■ **About this exercise**:
In the entries below, every line that contains "image" must be located and copied.

■ **Provided records**:
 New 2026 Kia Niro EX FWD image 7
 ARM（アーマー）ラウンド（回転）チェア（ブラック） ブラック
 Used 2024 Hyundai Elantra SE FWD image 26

---

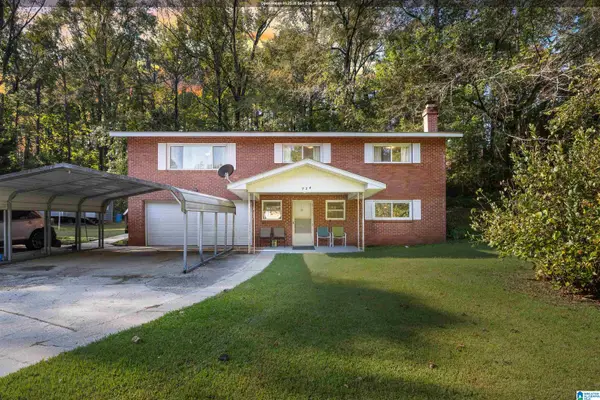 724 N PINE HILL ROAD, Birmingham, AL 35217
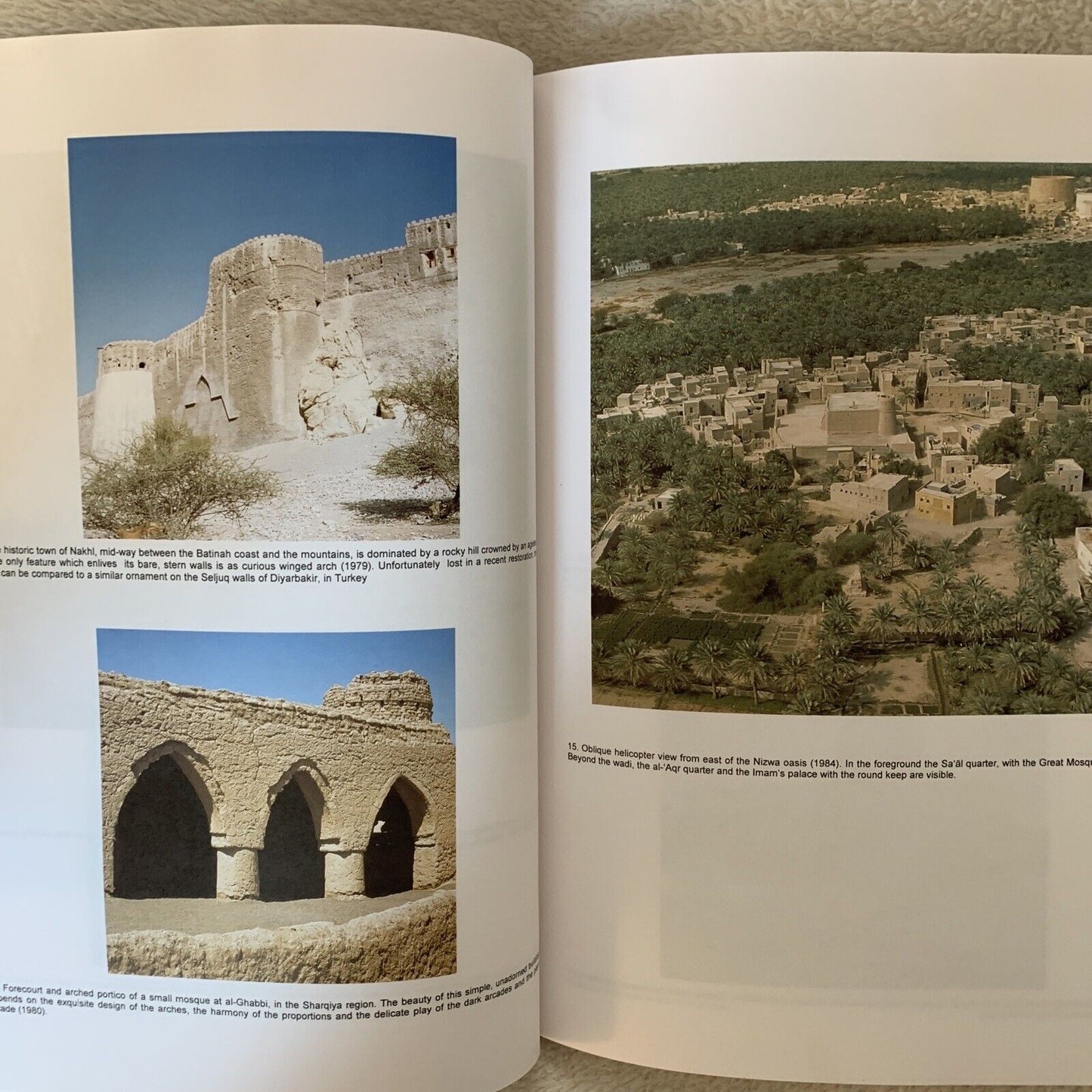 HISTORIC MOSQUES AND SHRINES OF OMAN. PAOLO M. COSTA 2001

==

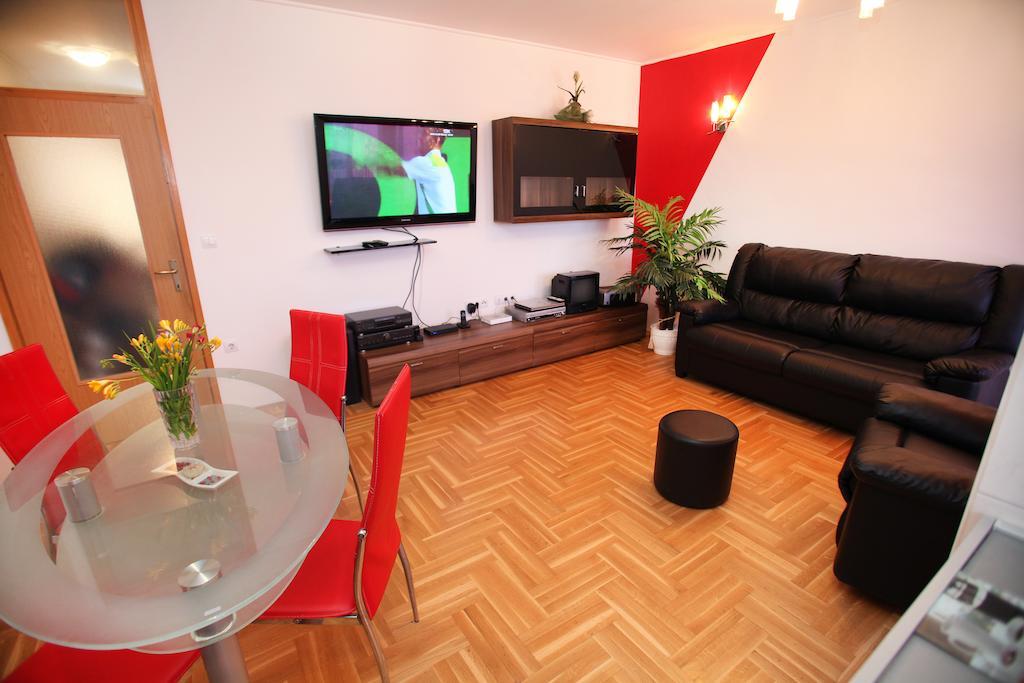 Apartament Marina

■ **Response to this task**:
 New 2026 Kia Niro EX FWD image 7
 Used 2024 Hyundai Elantra SE FWD image 26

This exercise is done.